Wed May 13 13:57:44 UTC 2015

On 05/13/2015 04:28 AM, Peter Krempa wrote:
> On Wed, May 13, 2015 at 09:08:39 +0100, Dr. David Alan Gilbert wrote:
>> * Peter Krempa (pkrempa at redhat.com) wrote:
>>> On Wed, May 13, 2015 at 11:36:26 +0800, Chen Fan wrote:
>>>> my main goal is to add support migration with host NIC
>>>> passthrough devices and keep the network connectivity.
>>>>
>>>> this series patch base on Shradha's patches on
>>>> https://www.redhat.com/archives/libvir-list/2012-November/msg01324.html
>>>> which is add migration support for host passthrough devices.
>>>>
>>>>  1) unplug the ephemeral devices before migration
>>>>
>>>>  2) do native migration
>>>>
>>>>  3) when migration finished, hotplug the ephemeral devices
>>>
>>> IMHO this algorithm is something that an upper layer management app
>>> should do.
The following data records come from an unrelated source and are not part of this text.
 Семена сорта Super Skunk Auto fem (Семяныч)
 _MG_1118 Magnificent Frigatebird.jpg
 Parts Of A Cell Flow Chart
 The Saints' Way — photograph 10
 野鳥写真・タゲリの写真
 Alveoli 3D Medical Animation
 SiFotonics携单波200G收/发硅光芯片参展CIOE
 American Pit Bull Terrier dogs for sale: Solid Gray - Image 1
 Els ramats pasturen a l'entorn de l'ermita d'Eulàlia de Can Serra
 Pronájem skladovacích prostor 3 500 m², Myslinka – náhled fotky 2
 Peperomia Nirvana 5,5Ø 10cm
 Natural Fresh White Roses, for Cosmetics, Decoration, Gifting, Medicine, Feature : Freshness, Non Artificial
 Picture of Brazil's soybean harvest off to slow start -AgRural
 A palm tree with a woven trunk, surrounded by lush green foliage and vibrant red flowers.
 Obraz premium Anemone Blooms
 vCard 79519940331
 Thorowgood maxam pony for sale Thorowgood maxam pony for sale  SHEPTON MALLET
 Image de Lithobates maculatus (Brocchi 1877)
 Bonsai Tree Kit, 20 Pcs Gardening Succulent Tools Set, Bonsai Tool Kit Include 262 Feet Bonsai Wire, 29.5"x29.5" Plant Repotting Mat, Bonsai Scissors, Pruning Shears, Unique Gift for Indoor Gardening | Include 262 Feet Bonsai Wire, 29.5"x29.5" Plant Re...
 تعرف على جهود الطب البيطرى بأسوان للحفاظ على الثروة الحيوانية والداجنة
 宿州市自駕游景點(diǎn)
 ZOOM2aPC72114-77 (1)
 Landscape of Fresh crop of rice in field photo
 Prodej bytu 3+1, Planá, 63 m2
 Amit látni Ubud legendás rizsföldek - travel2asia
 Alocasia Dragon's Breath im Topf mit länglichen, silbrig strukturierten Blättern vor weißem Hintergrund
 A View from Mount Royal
The device unplug operation is complex and it might not
>>> succeed which will make the current migration thread hang or fail in an
>>> intermediate state that will not be recoverable.
>>
>> However you wouldn't want each of the upper layer management apps implementing
>> their own hacks for this; so something somewhere needs to standardise
>> what the guest sees.
> 
> The guest still will see an PCI device unplug request and will have to
> respond to it, then will be paused and after resume a new PCI device
> will appear. This is standardised. The nonstandardised part (which can't
> really be standardised) is how the bonding or other guest-dependant
> stuff will be handled, but that is up to the guest OS to handle.
> 
> From libvirt's perspective this is only something that will trigger the
> device unplug and plug the devices back. And there are a lot of issues
> here:
> 
> 1) the destination of the migration might not have the desired devices
> 
>     This will trigger a lot of problems as we will not be able to guarantee
>     that the devices reappear on the destination and if we'd wanted to check
>     we'd need a new migration protocol AFAIK.
> 
> 2) The guest OS might refuse to detach the PCI device (it might be stuck
> before PCI code is loaded)
> 
>     In that case the migration will be stuck forever and abort attempts
>     will make the domain state basically undefined depending on the
>     phase where it failed.
> 
> Since we can't guarantee that the unplug of the PCI host devices will be
> atomic or that it will succeed we basically can't guarantee in any way
> in which state the VM will end up later after (a possibly failed)
> migration. To recover such state there are too many option that could be
> desired by the user that would be hard to implement in a way that would
> be flexible enough.

In the past I've been on the side of having libvirt automatically do the
device detach and reattach (but definitely on the side of the guest
agent and libvirt keeping their hands off of network configuration in
the guest), with the thinking that 1) libvirt is in a well situated spot
to do it, and 2) this would eliminate duplicate code in the upper level
management.

However, Peter's points above made me consider the failure cases more
closely, in particular this one:

* the destination claims to have the resources required (right type of
PCI device, enough RAM), so migration is started.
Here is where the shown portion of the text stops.